Daar kunnen schrijvers niet van leven – en dus werkte De Bleser voor de dagelijkse kost in de diamant. Hij was schuchter, teruggetrokken, stil, en al blij dat zijn novellen en korte romans gedrukt werden. Bijgezet in vage kringen als Ex libris of het Genootschap Jet Jorssen – de ex-leidster van de collaboratiebeweging “Vlaamsche Jeugd”, aan wie hij een monografie wijdde in 1988, twee jaar voor haar dood. (Het Genootschap werd trouwens opgedoekt toen haar weduwnaar Karel De Cat stierf in 2005). Met hetzelfde animo schreef hij een werkje over paus Johannes XXIII.

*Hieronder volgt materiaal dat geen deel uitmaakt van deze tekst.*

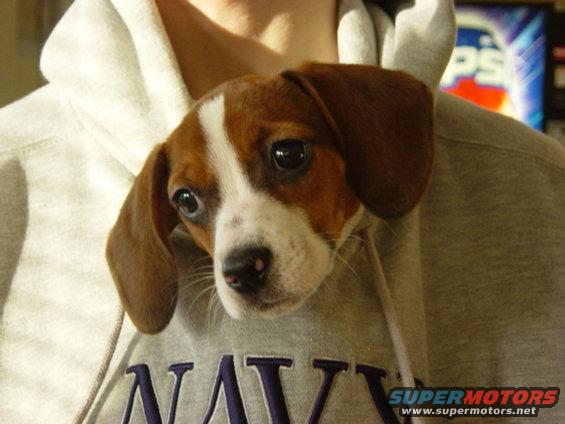 puppy peeking out of a grey hoodie with 'NAVY' on it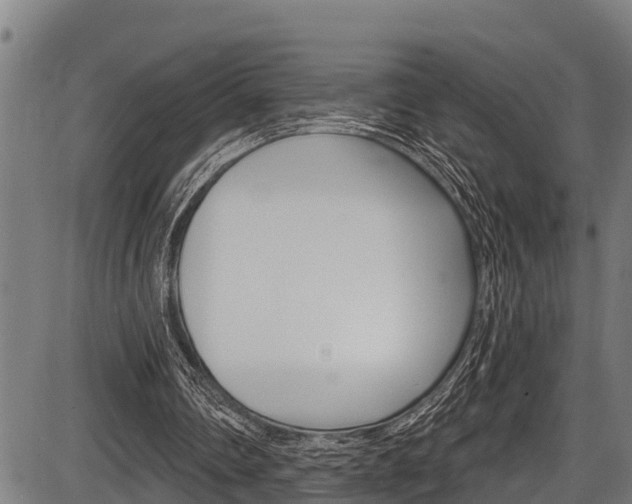 X0000087530290200704270904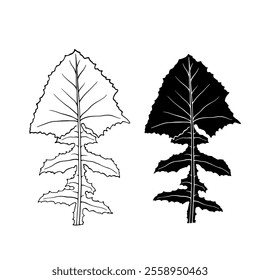 Linear sketch, stamp, silhouette of leaves. Simple botanical elements. Vector graphics.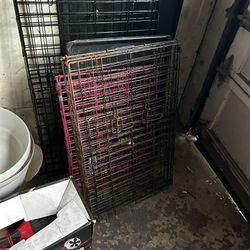 Dog Crates and Never Used Litter Box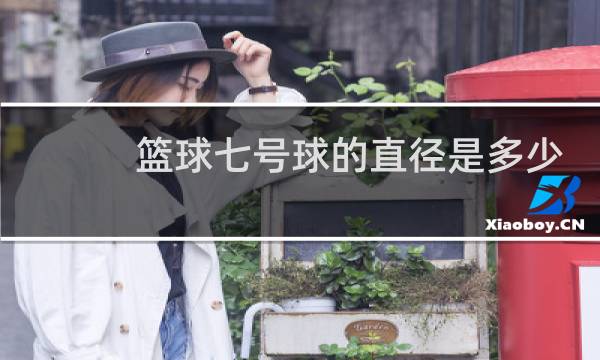 篮球七号球的直径是多少图片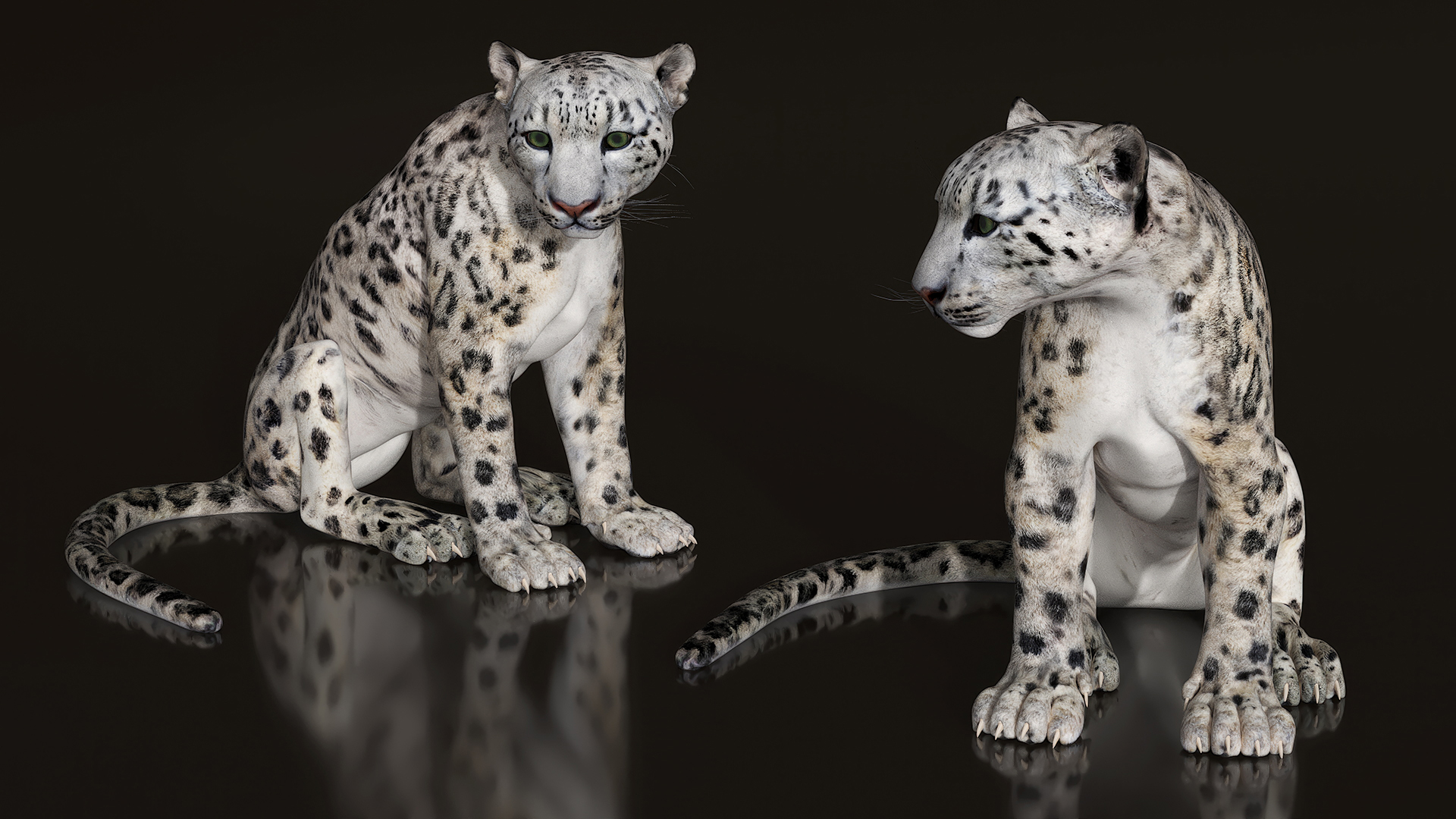 3D Snow Leopard in Sitting Pose model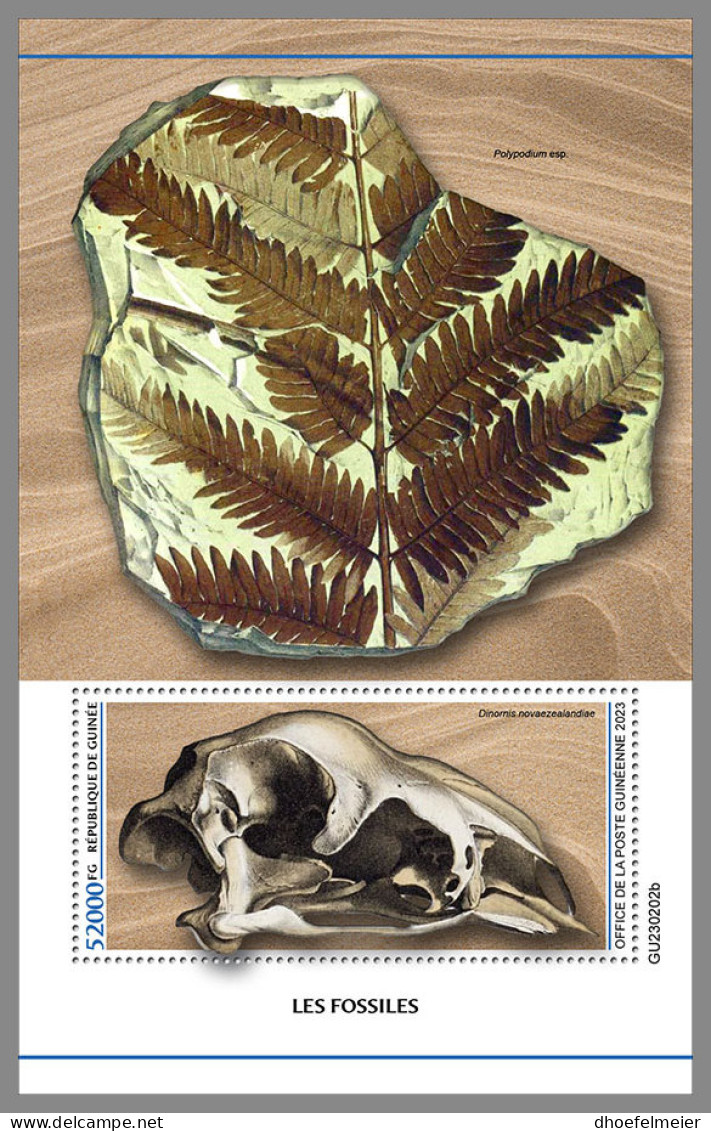 GUINEA REP. 2023 MNH Fossils Fossilien Fossiles S/S - OFFICIAL ISSUE - DHQ2339 - Fósiles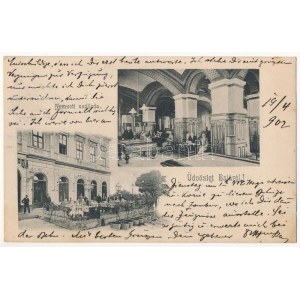 1902 Baja, Nemzeti szálloda és kávéház, belső, terasz, biliárdasztalok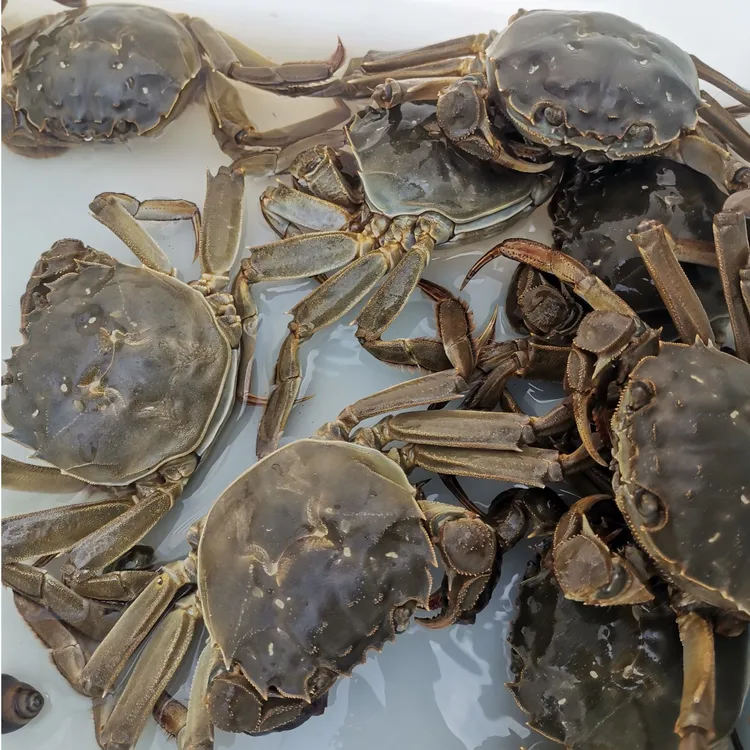 【活蟹】江苏精品大闸蟹 母2.8-3.1两 8只/10只 京东包邮 包活到家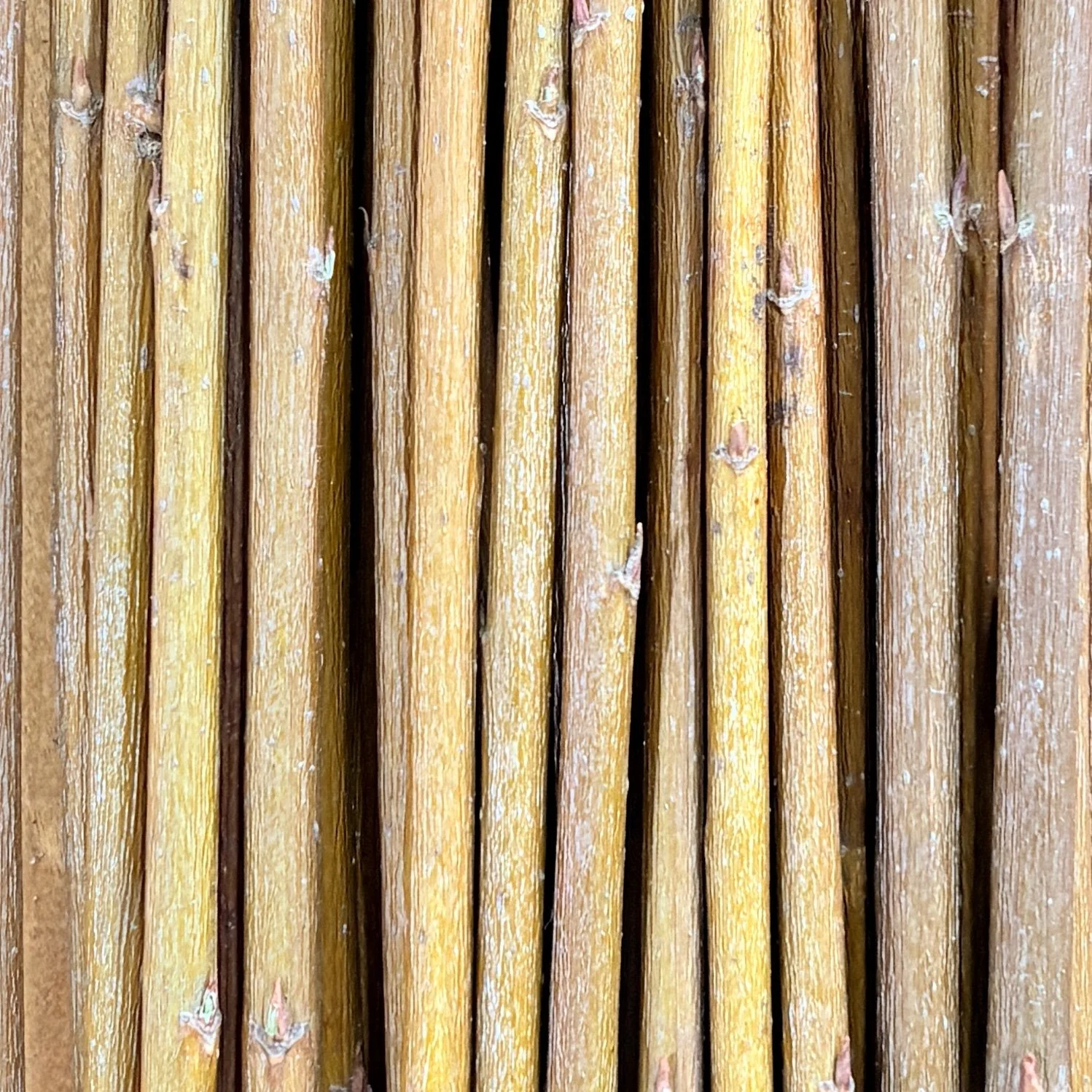 Belgium Red Dried Willow Rods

De Bleser trof geen verwijt. Hij waardeerde mensen om wat ze waren, niet om wat ze gedaan hadden. Hij was meegaand en stond open voor iedereen. Dat is hem vaak ten kwade geduid. En toch waren er ook jongeren van “onverdachten” huize die de kwaliteiten van Willy De Bleser als schrijver wisten te onderkennen.

Zo werd hij laureaat van een verhalenwedstrijd uitgeschreven door het jongerentijdschrift De Brakke Hond. Hij publiceerde er drie van zijn beste kortverhalen: “Xavier-Fernand, pictor fauvis” (1986), “De Ratten” (1987) en “Pancritius, of de naam van de oorlog” (1988). Van zijn latere romans zijn hooguit de titels bekend, gelezen werden ze nauwelijks: Gevecht met de Els (1993), Dodendans (1997), De Grote Leegte (1998).

De Bleser is gegaan zoals hij geleefd heeft: wat weggedoken, onopvallend, verborgen in het struikgewas achter hitsige aanstormende talenten. Wat monkelend om al het vergankelijke, wat verlegen om de sensualiteit die hij zo graag zelf beschreef.

En met eeuwige zelftwijfel: “Naast een prima metabolisme en een regelmatige, gezonde – ik durf bijna zeggen: voortreffelijke – stoelgang, bezit ik een ijzersterk autonoom zenuwstelsel; van waaruit ik, godzijgeprezen, een onverwoestbare levensdrift en – aanvaarding betrek” (voorwoord bij Het Concert, 1981). Zo’n bekentenis tekent zijn eenvoud. Wie wordt er anders begraven in Ekeren-Bunt? Uitgeleide gedaan in een kerkje gewijd aan de heilige Theresia? En gewoon op de strooiweide verspreid? Waar hij de grond terugvond die hem tot de letteren bracht. Terug bij Piet Van Aken. Want “de nacht kauwt alle geluiden fijn”.